Tokio, cincuenta años después de Ozu
Filmar la madre, escrutar la madre, diseccionar la madre… ¿Por qué? ¿Para qué? Y más exactamente: ¿hasta dónde nos es posible conocer a nuestra progenitora? Cuando Pedro Almodóvar titulaba a una de sus más celebradas películas Todo sobre mi madre, excesivo título de quien del exceso ha hecho su marca de fábrica, se permitía eso que antes se denominaba licencia poética. Un hijo jamás podrá saber(lo) todo sobre su madre. ¿Qué conocemos en realidad de nuestros padres si sus primeros treinta o cuarenta años tuvieron lugar sin nuestra presencia consciente? Algunos mantienen esa inconsciencia toda su vida.
“La verdad está en el origen” afirma una máxima grabada en el ADN de la humanidad. Y en el origen de cada uno, una madre nos aguarda. Se trata de una llamada telúrica, primigenia que hace que incluso a quienes, de un modo u otro, les fue negada la presencia materna, hurguen en ese vacío que, por ausente, sienten con mayor presencia si cabe todavía. Pero decíamos que en el origen, una madre espera.
¿Para desvelar nuestro secreto? No lo parece. Lo más probable es que, como acontece en Still Walking, esa madre sólo sirva para sostener la paradoja de la existencia. De esa contradicción hace Hirokazu Kore-eda una bella película. Convencido de que la verdad no se trasmite ni se cuenta, este cineasta que en sus orígenes filmaba lo real con rigor documentalista, busca en la ficción, en la recreación y en sí mismo lo que no encuentra fuera.
Still Walking fue la mejor película del pasado festival de San Sebastián 2008, la (única) prueba de que el cine sigue con vida y que a veces puede ser magistral. En pocas palabras: este observador inteligente que Kore-eda es, llevaba años cuestionándose por la muerte y el más allá. Para recomponer su trayectoria basta con acudir a wikipedia. Para disfrutar de su obra completa, sólo queda la alternativa de completar las tres obras editadas entre nosotros: Nadie sabe, After life y Hana y bucear en internet.
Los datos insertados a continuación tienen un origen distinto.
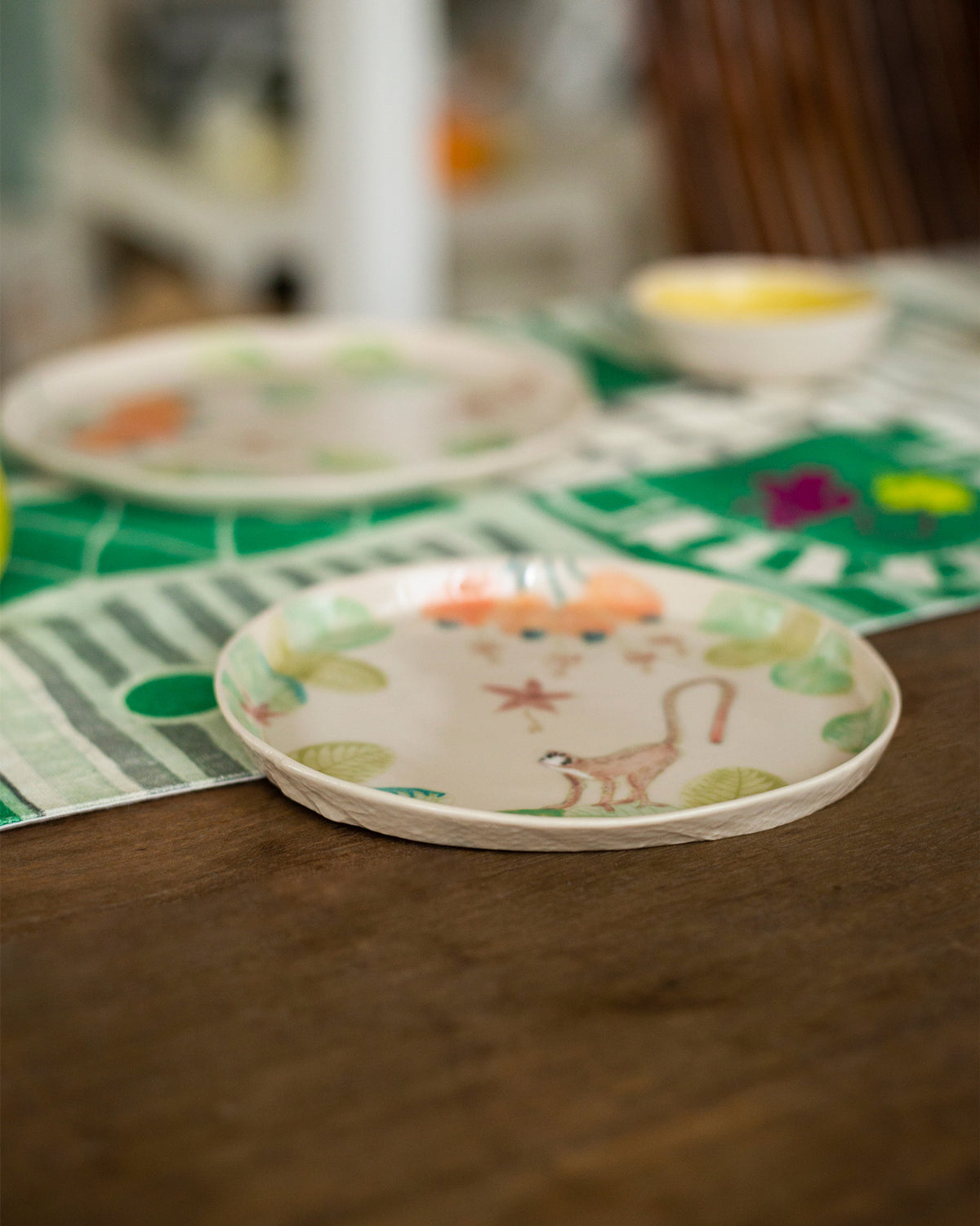 Mandovi dessert plate showing a monkey amid tropical foliage.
Pero la cuestión es que tenemos ante nosotros Still Walking . En realidad su título original repite un verbo: caminando, caminado, casi una onomatopeya que se recita con la flexibilidad del junco inherente en la lengua japonesa. El sentido último lo tendrá que extraer cada persona confrontando esta historia con su propia experiencia. Kore-eda echa mano de su propia biografía, no tanto en el sentido literal como en esas esencias que vertebran la relación entre padres e hijos y convoca un texto de belleza tan frágil y evidente que hablar demasiado sobre él, lo estropea.
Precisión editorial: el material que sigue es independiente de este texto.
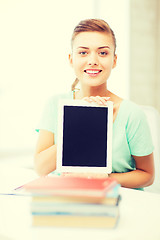 Image showing smiling student girl with tablet pc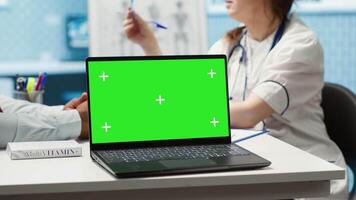General practitioner and patient looking at green screen on device, recommending pills and drugs during check up visit. Diverse people discussing about diagnostics and remedy. Camera A. video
Sí se puede reiterar que, detrás de una apariencia calma, Kore-eda esconde al más radical de los cineastas japoneses del presente. Un contestatario al que no le basta con derribar prejuicios sociales, denunciar tradiciones caducas y mostrar comportamientos reprobables. Con Hana, la historia del samurai que entre el honor con venganza y el perdón sin sangre escogía lo último, daba la vuelta al cine de Mizoguchi de los 47 Ronin. Aquí es al núcleo familia del Ozu de las cosas cotidianas al que acude para ir más allá. No estamos ante el bello cuento de Tokio en el que los buenos valores descansan en la tradición. Kore-eda monta la ficción para documentar la realidad y con ella nos es dado apreciar la compleja elaboración de lo que está vivo, aunque sea en la memoria. Hay mil matices, mil perdones y mil duelos sin estridencias en un autor cuyo pensamiento consiste en no dar nada por hecho, no ceder al prejuicio y no condenar sin perdón. Un clásico de la posmodernidad, un maestro del siglo XXI que aquí, buscando a su madre, se da a sí mismo.